Date | Thursday, September 15, 2022 |
Venue | Fave Hotel MEX Building 7th floor Pregolan St No. 1, Surabaya |
Time | 09:00 (GMT+7) |
Agenda | EGMS - Approval of the proposed takeover of the company, by KASIKORN VISION FINANCIAL COMPANY Pte. Ltd. (“KVF”) as a wholly-owned subsidiary of KASIKORNBANK PUBLIC COMPANY Limited (“Kbank”) through the shares purchase in the company, a combination of the sale of the company's shares, namely: PT Maspion for 12.46%, PT Alim Investindo for 8, 17%, PT Husin Investama at 2.81%, PT Maspion Investindo at 2.46% and 5 Individual Shareholders at 4.11% to KVF; and the purchase of new shares to increase capital with Pre-emptive Rights II, resulting in KVF and Kbank jointly owning at least 67.5% shares in the company ["Acquisition"]; including approval of the takeover draft and the concept of the acquisition deed in accordance with the Financial Services Authority (“OJK”) Regulation No. 41/POJK.03/2019 regarding Merger, Consolidation, Acquisition, Integration, and Conversion of Commercial Banks ("POJK 41/2019") and the prevailing laws and regulations.

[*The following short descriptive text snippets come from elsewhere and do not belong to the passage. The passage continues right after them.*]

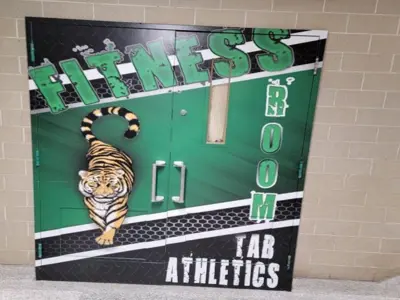 Doors shown with green mural on them. Green background labelled "Fitness room, TAB Athletics". There is an orange and white tiger shown in a prowl posture.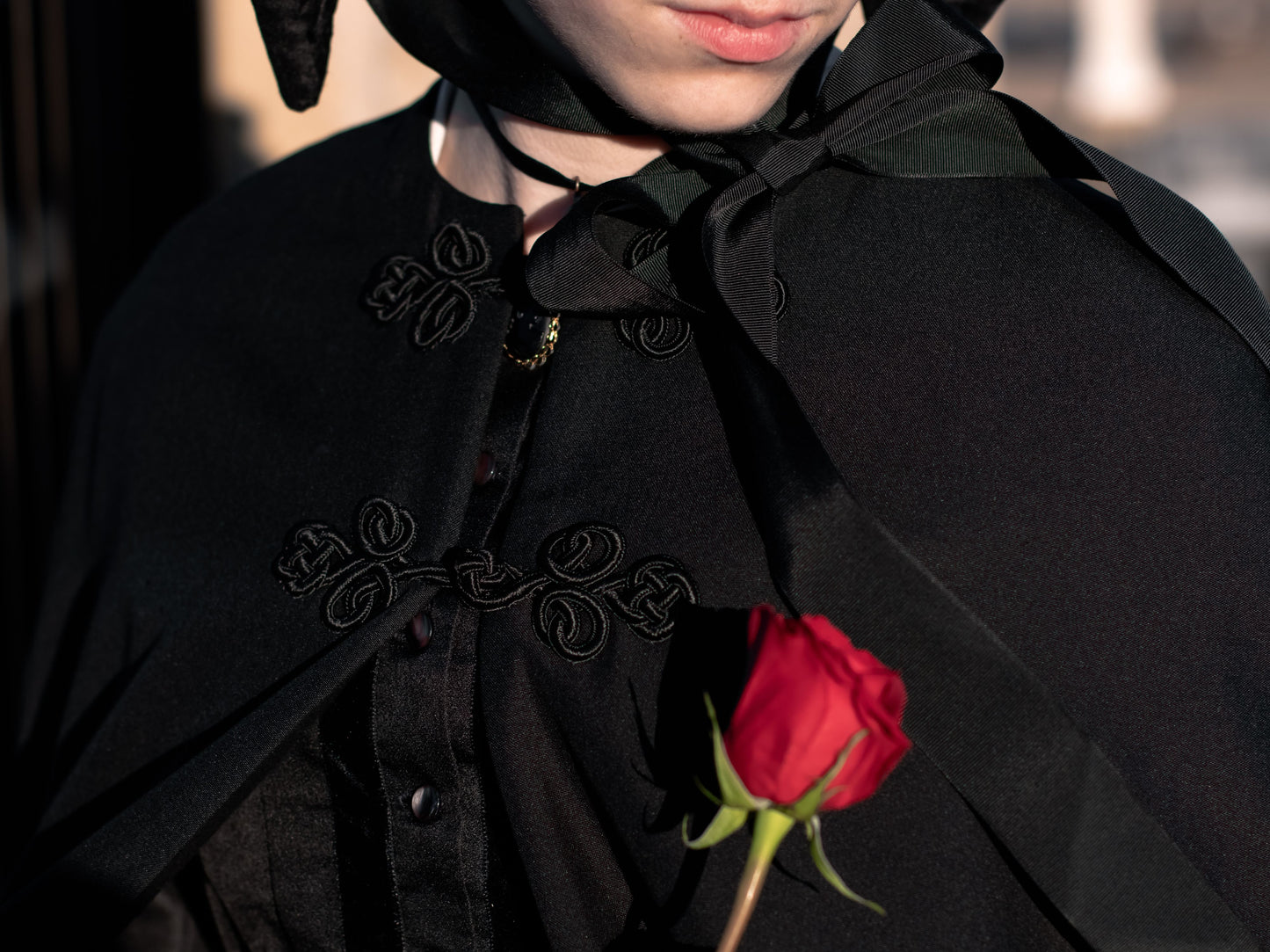 A close-up shows two frog closures on a black wool cape worn by a model. The model holds a red rose.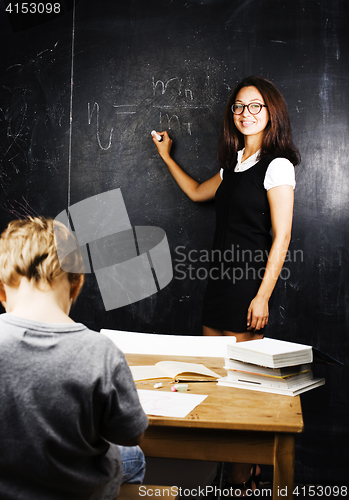 Image of little cute boy with young teacher in classroom studying at blac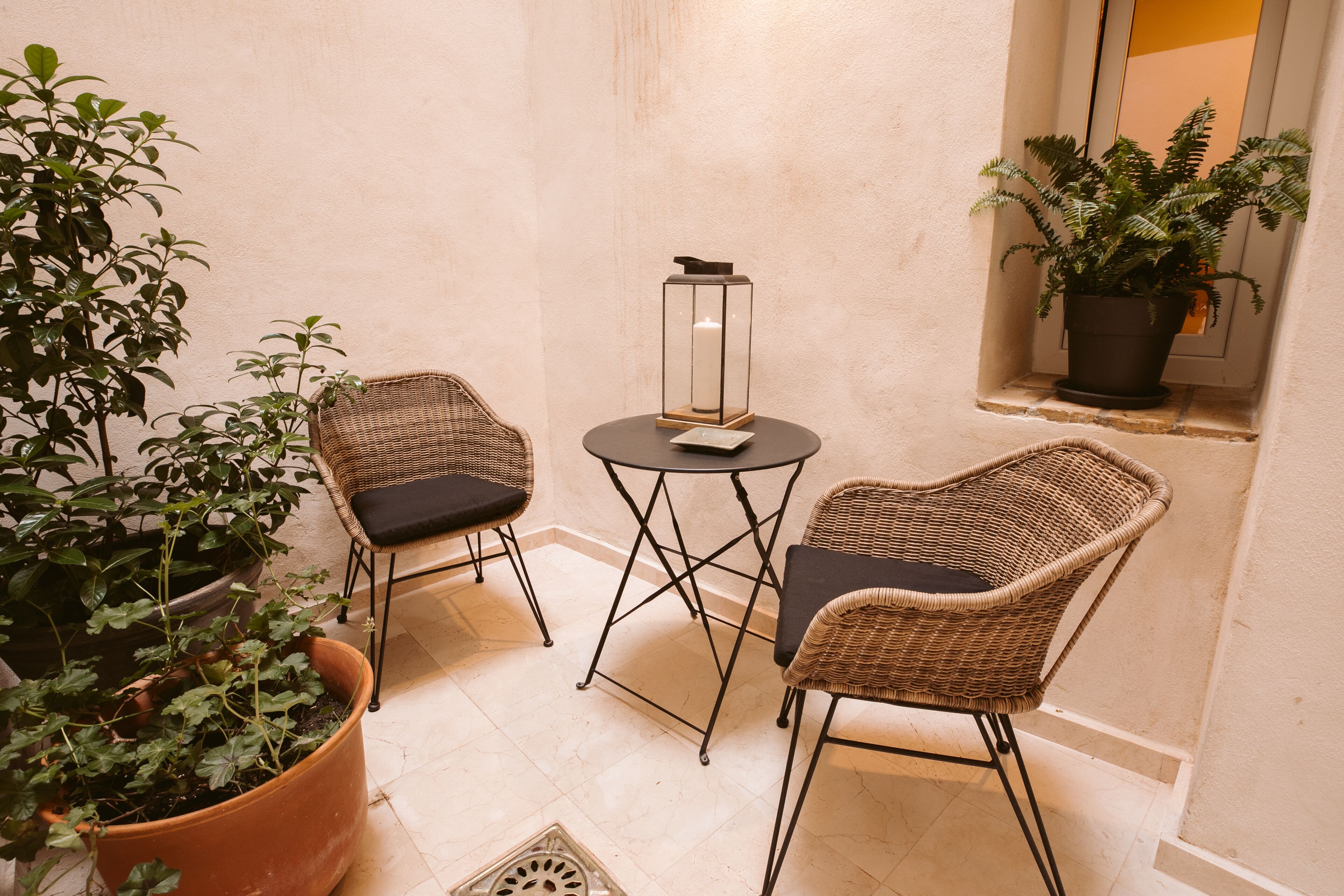 A small, cozy seating area with wicker chairs and a table, surrounded by potted plants.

- Approval of changes to the company's controlling shareholder.
- Approval of changes to the Board of Directors and Board of Commissioners composition, effective as of the last date on: (i) completion of the company's takeover; and (ii) the date on which the results of the Fit and Proper Test obtained from the Financial Services Authority for the appointment of candidates of Board of Directors and Board of Commissioners.